The critique asserts that because ERR estimates may be biased with unknown direction, comparisons across literatures lack evidential value. This conclusion does not follow.

Bias does not eliminate comparative information unless it is shown to be large, variable, and systematically distorting rankings across plausible conditions. No evidence is provided that ERR estimates reverse ordering across literatures or are less informative than alternative metrics. While comparative claims should be interpreted cautiously, caution does not imply the absence of evidential content.


6. Claim: z-curve validation relies on “affirming belief through confirmation”

Rebuttal

This characterization misrepresents the role of simulation studies in statistical methodology. Simulation-based evaluation of estimators under known data-generating processes is the standard approach for assessing bias, variance, and coverage across frequentist and Bayesian methods alike.

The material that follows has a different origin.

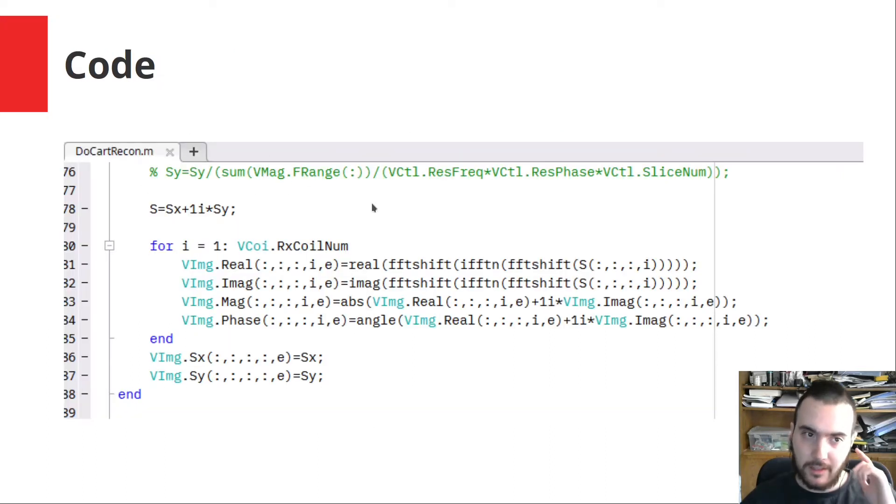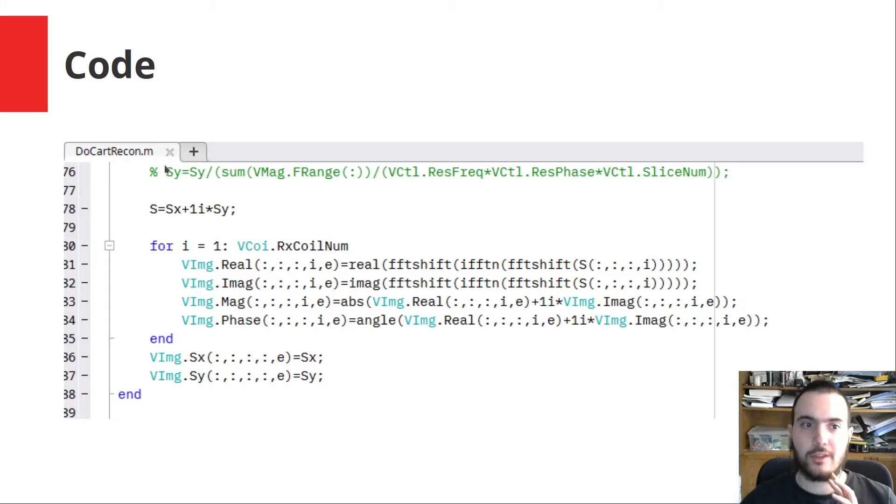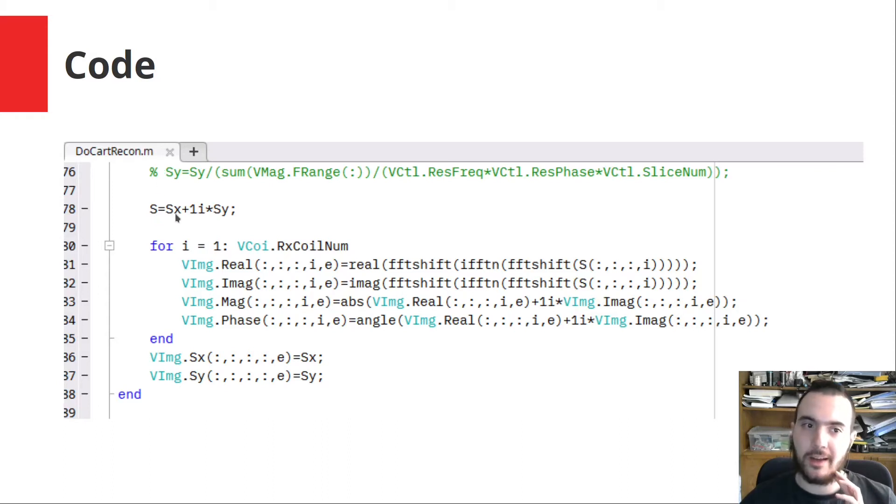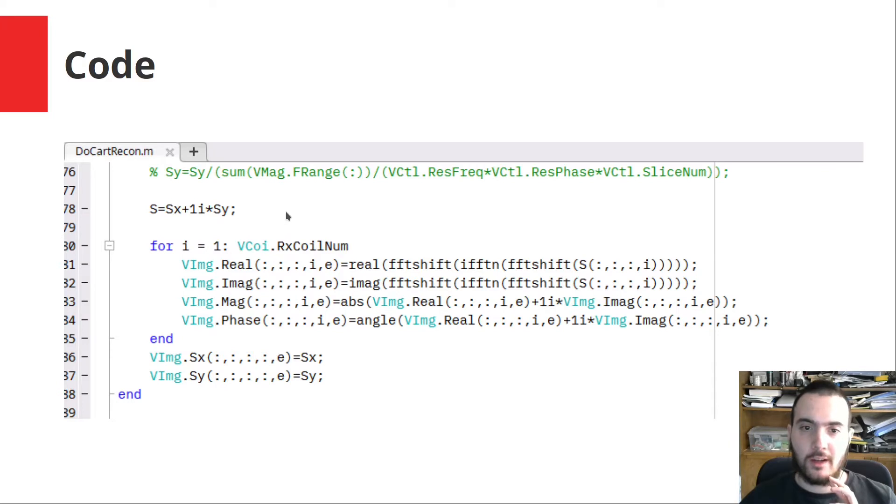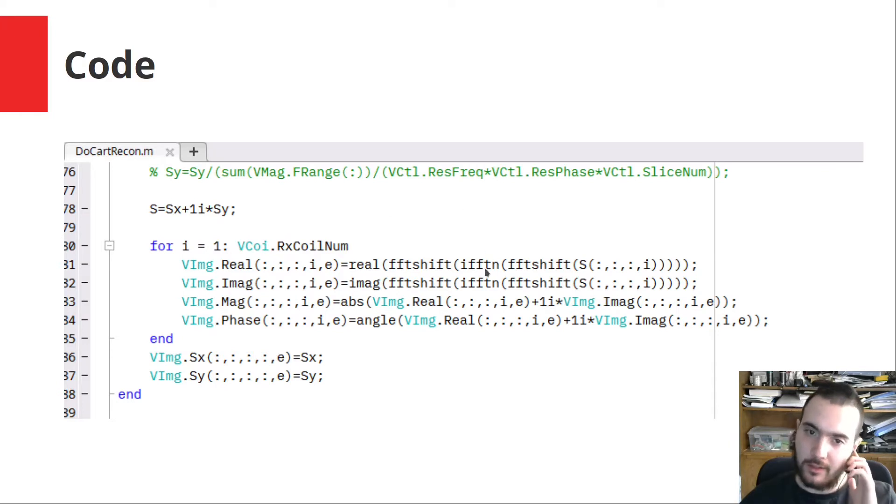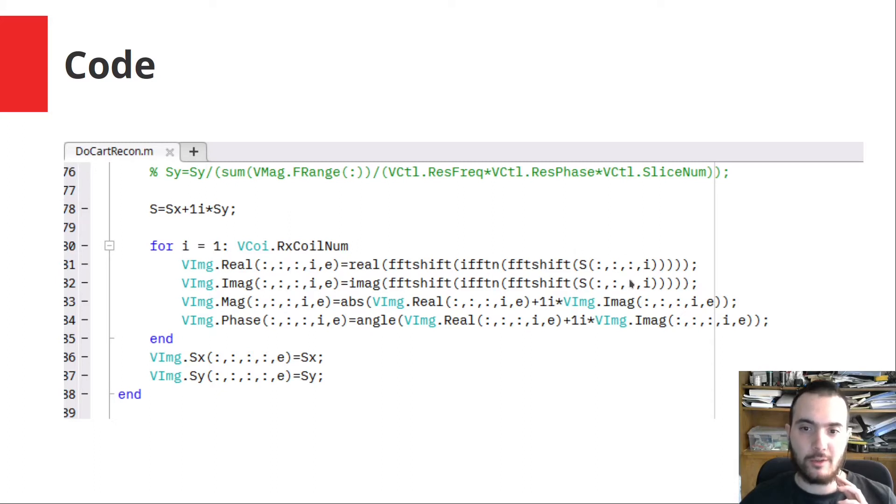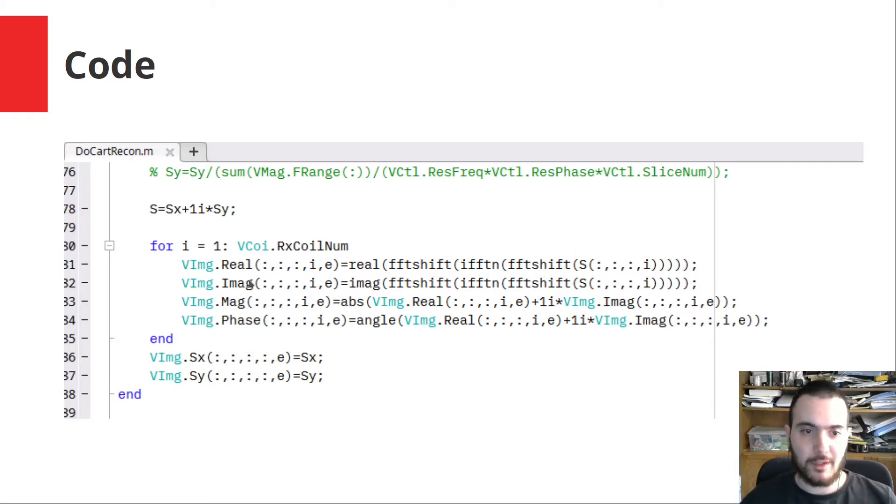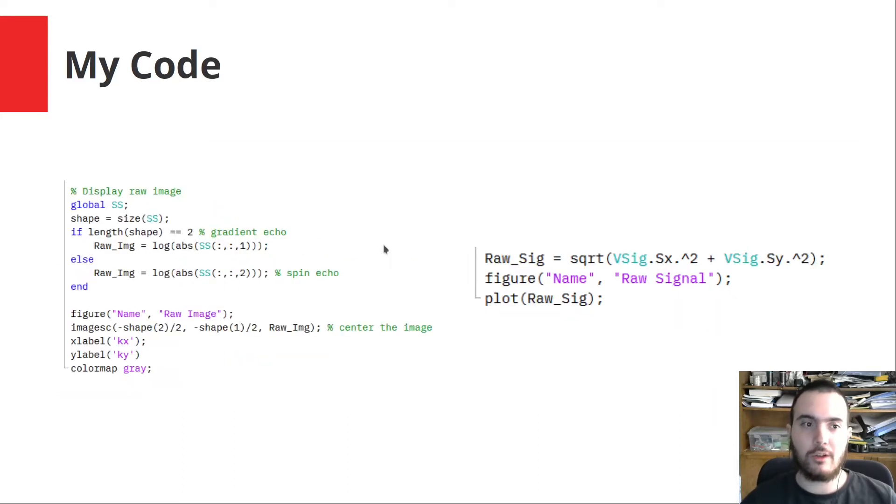Here is the existing code in Cartesian reconstruction. The signal S is constructed by the in-phase and quadrature components, so it is a complex signal. And then to build the image, there is an inverse Fourier transform done on the signal, so that we have the image with the real and imaginary parts and also the magnitude and phase. This is the existing code.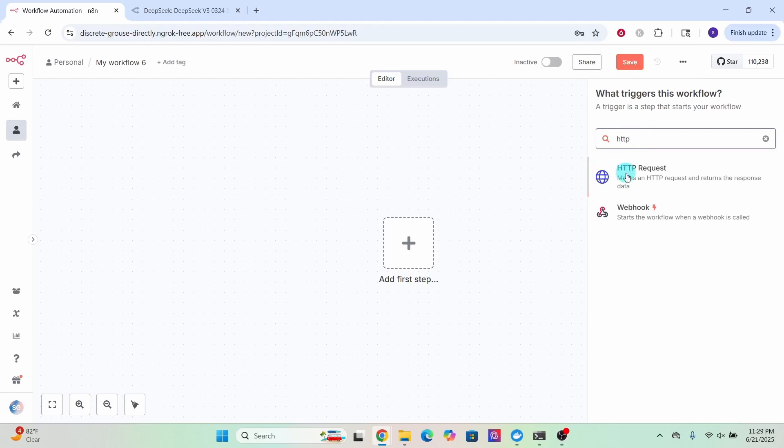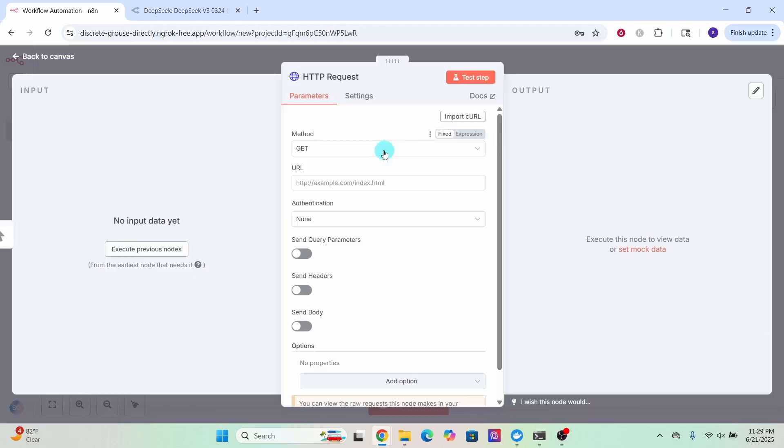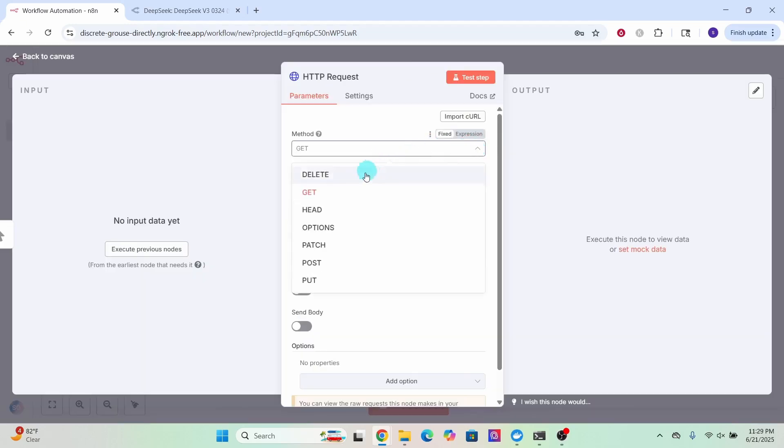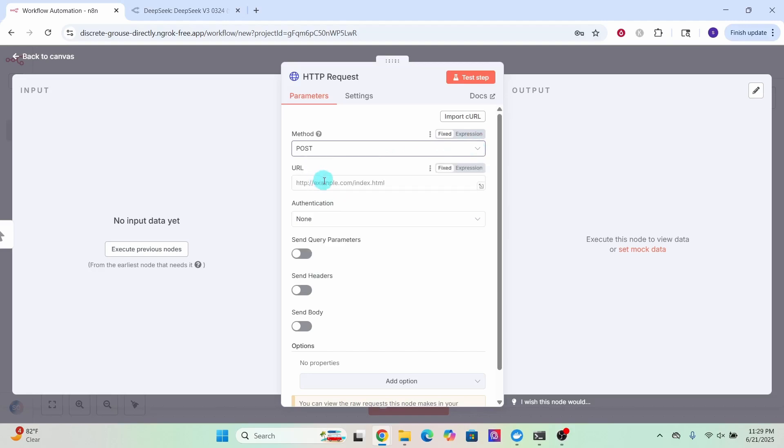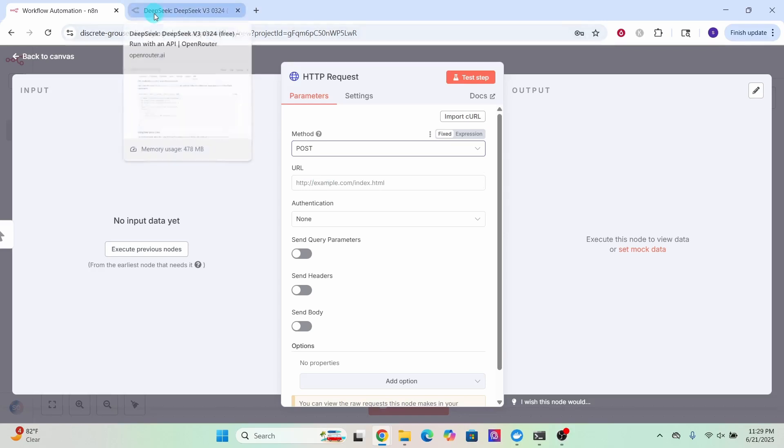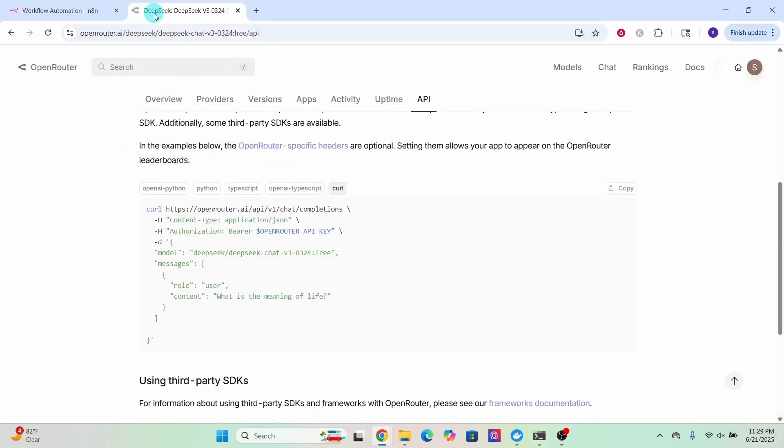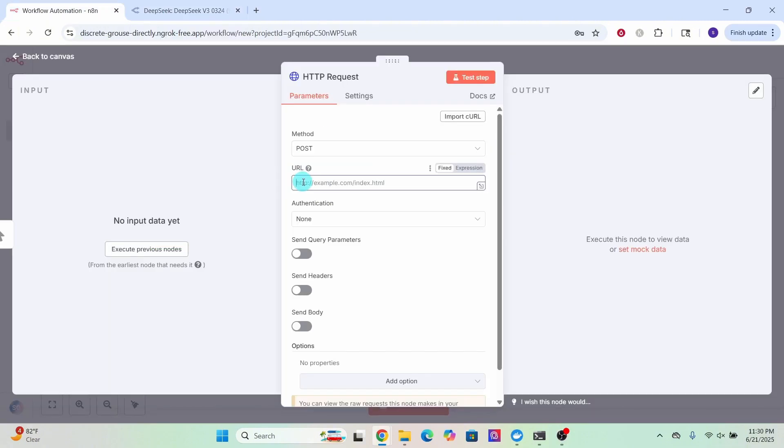Then select the HTTP request node. Here in the method, select POST. For the URL, we need to provide the OpenRouter API endpoint. Let us switch back to OpenRouter documentation on using DeepSeek free chat model. Copy this URL and paste here.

Characterizing simulation-based validation as epistemically deficient would apply equally to conventional meta-analysis, selection models, and hierarchical Bayesian approaches. No alternative validation framework is proposed that would avoid reliance on model-based simulation.


7. Implicit claim: Effect-size meta-analysis provides a firmer basis for credibility assessment

Rebuttal

Effect-size meta-analysis addresses a different inferential target. It presupposes that studies estimate commensurable effects of a common hypothesis. In heterogeneous literatures, pooled effect sizes represent averages over substantively distinct estimands and may lack clear interpretation.

Moreover, effect-size meta-analysis does not estimate discovery rates, replication probabilities, or false-positive risk, nor does it model selection unless explicitly extended. No evidence is provided that effect-size meta-analysis offers superior performance for evaluating evidential credibility under selective reporting.


Summary

The critiques correctly identify that z-curve is a model-based method with assumptions and scope conditions. However, they systematically extend these points beyond what the evidence supports by:

  • extrapolating from selective adversarial simulations,
  • conflating potential bias with lack of inferential value,
  • overgeneralizing small-sample limitations,
  • and applying asymmetrical standards relative to conventional methods.

A scientifically justified conclusion is that z-curve provides conditionally informative estimates with quantifiable uncertainty, not that it lacks statistical validity or evidential relevance.